Franchise_Restaurant = df.groupby(by='name', as_index=False).agg({'rate': 'mean',
'votes': 'sum',
'two_people_cost': 'mean',
'row_num': 'count'})
# I assigned the aggregated columns - names to make them easier to understand.
Franchise_Restaurant.columns = ['Restaurant_Name', 'Average_Rating', 'Total_Votes', 'Average_Two_People_Cost', 'Total_Restaurants']
# I sorted the values in increasing order to identify Bengalore's most popular places.

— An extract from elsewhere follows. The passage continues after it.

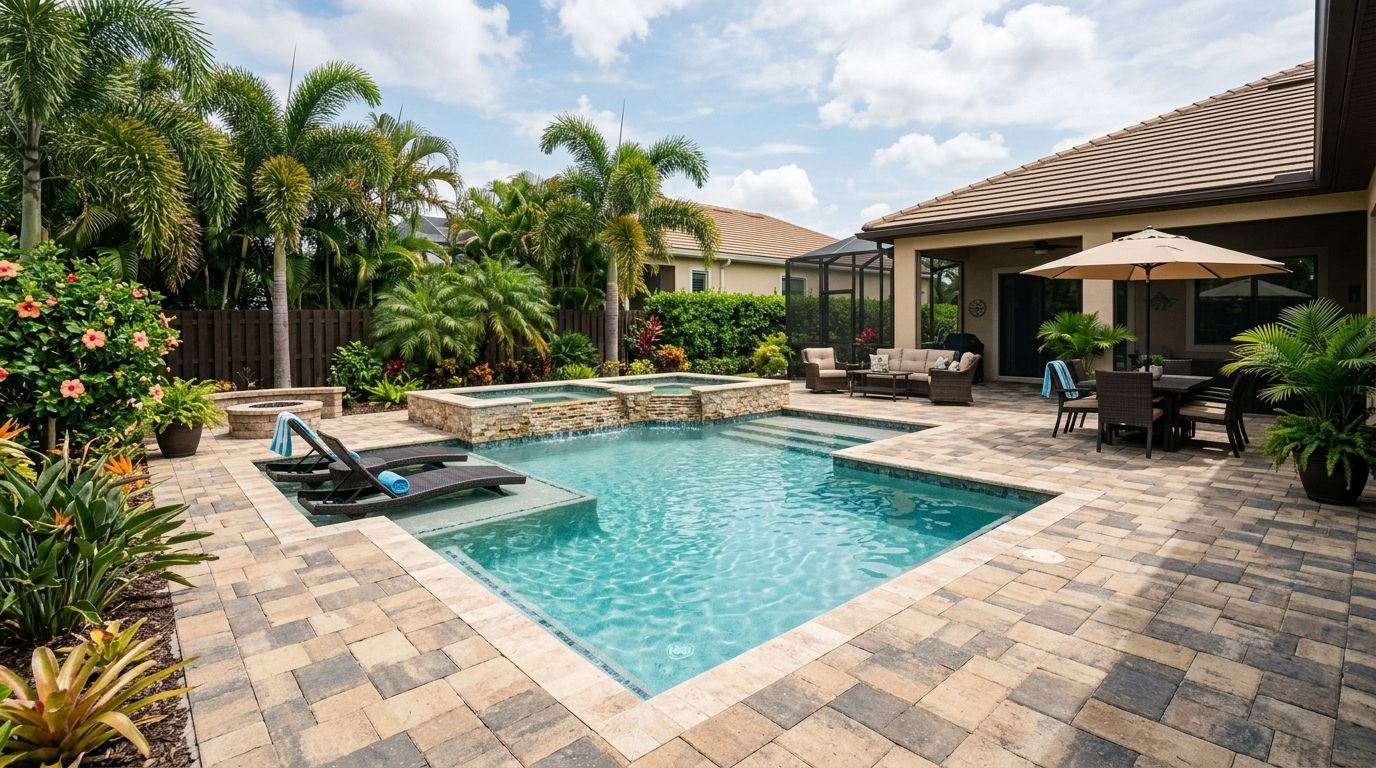 A sunny, paved patio garden featuring a hanging egg chair, various potted plants, a small shed, and a metal garden arch.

Franchise_Restaurant = Franchise_Restaurant.sort_values(by='Total_Restaurants', ascending=False)[:10]
# The columns have been reorganized depending on my perspective.
Franchise_Restaurant = Franchise_Restaurant.loc[:, ['Restaurant_Name', 'Total_Restaurants', 'Total_Votes', 'Average_Two_People_Cost', 'Average_Rating']]
# I round the number up to a specific number of decimal digits for clarification purposes.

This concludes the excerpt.